- [DESCRIPTION OF THE TASK]
An acceptable answer contains every record below, unchanged, and no pictures.

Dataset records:
====================
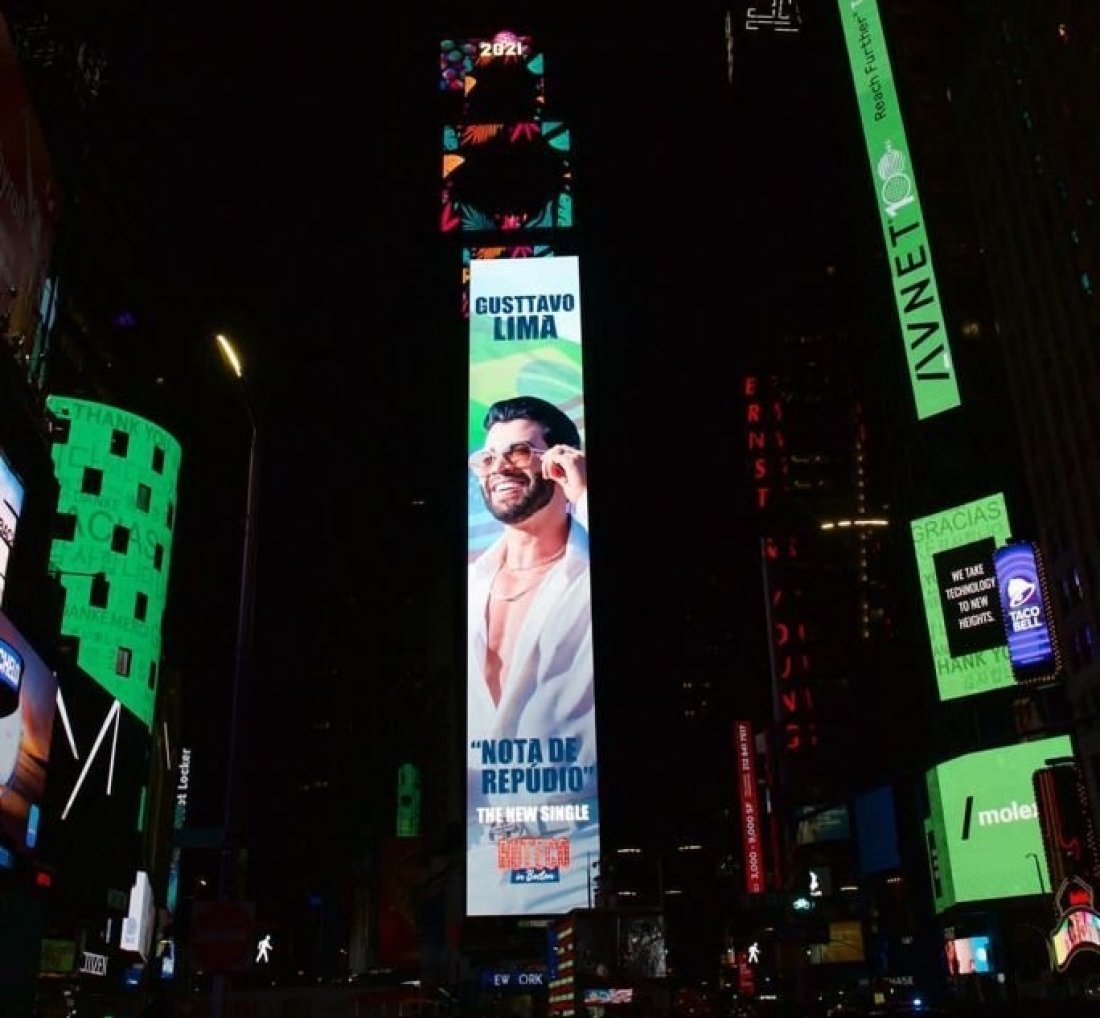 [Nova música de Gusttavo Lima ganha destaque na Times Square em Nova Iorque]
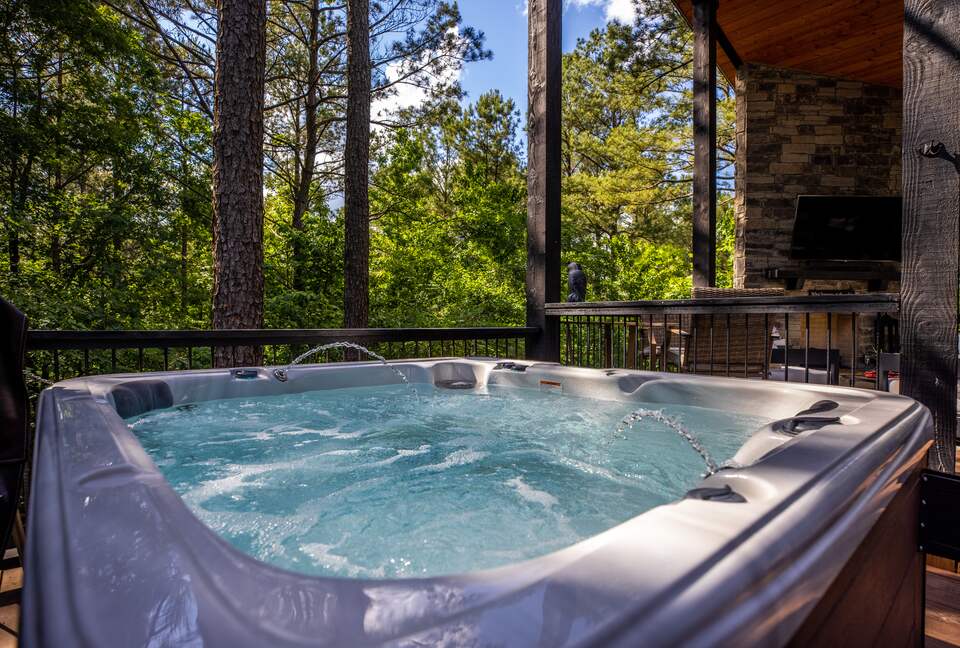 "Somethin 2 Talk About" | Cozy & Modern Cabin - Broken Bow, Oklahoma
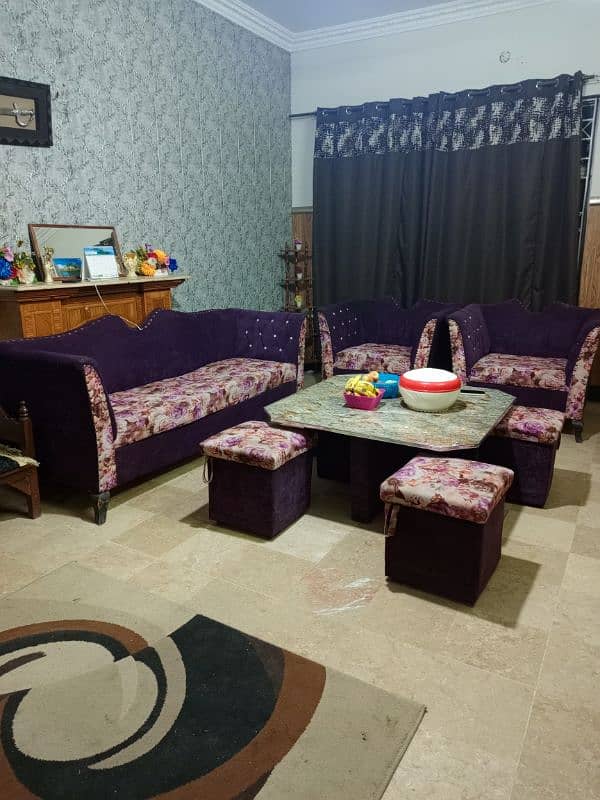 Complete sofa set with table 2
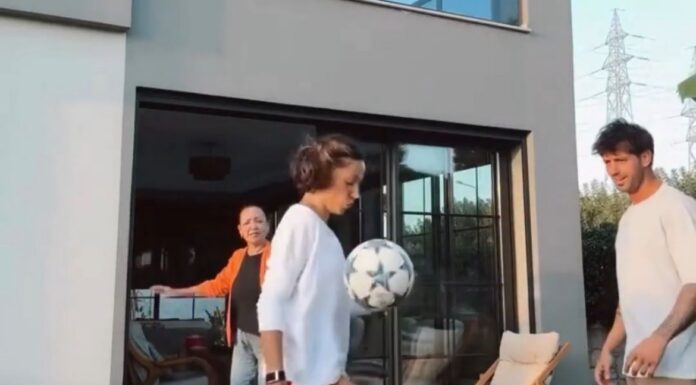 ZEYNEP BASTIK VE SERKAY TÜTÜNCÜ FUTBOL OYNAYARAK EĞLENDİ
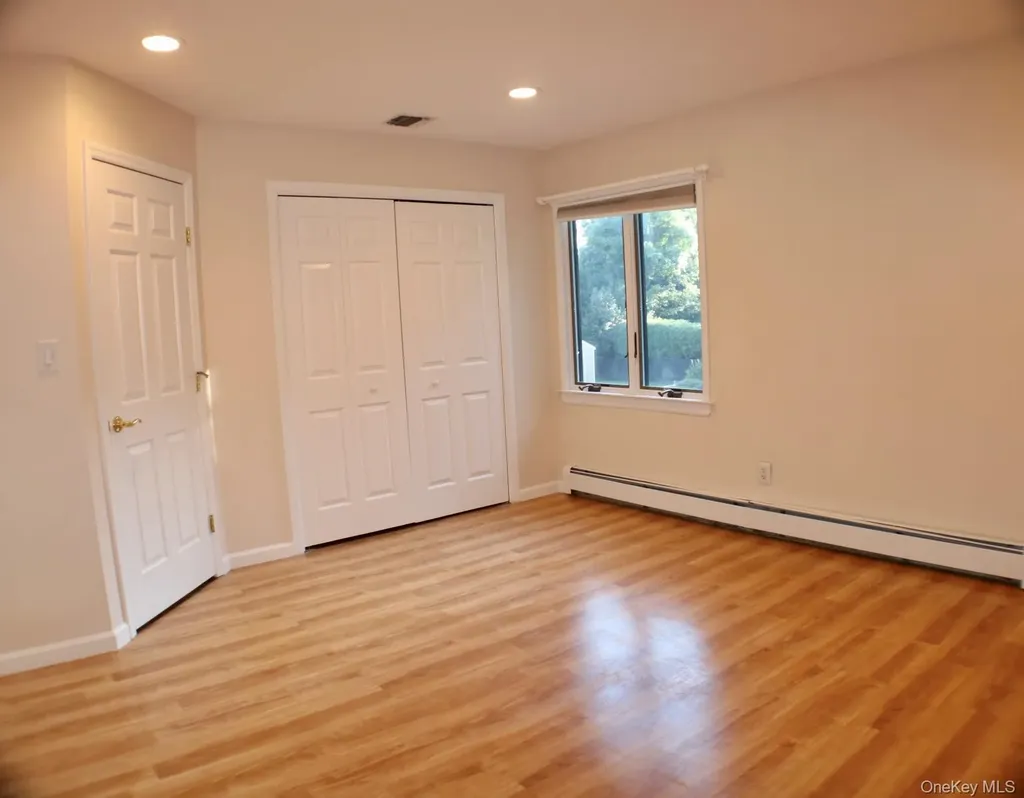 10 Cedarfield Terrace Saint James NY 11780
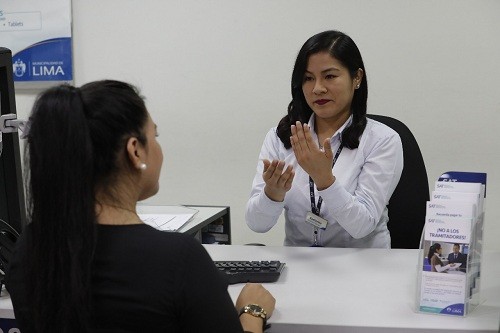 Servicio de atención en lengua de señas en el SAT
====================
- [TASK RESULT]
 [Nova música de Gusttavo Lima ganha destaque na Times Square em Nova Iorque]
 "Somethin 2 Talk About" | Cozy & Modern Cabin - Broken Bow, Oklahoma
 Complete sofa set with table 2
 ZEYNEP BASTIK VE SERKAY TÜTÜNCÜ FUTBOL OYNAYARAK EĞLENDİ
 10 Cedarfield Terrace Saint James NY 11780
 Servicio de atención en lengua de señas en el SAT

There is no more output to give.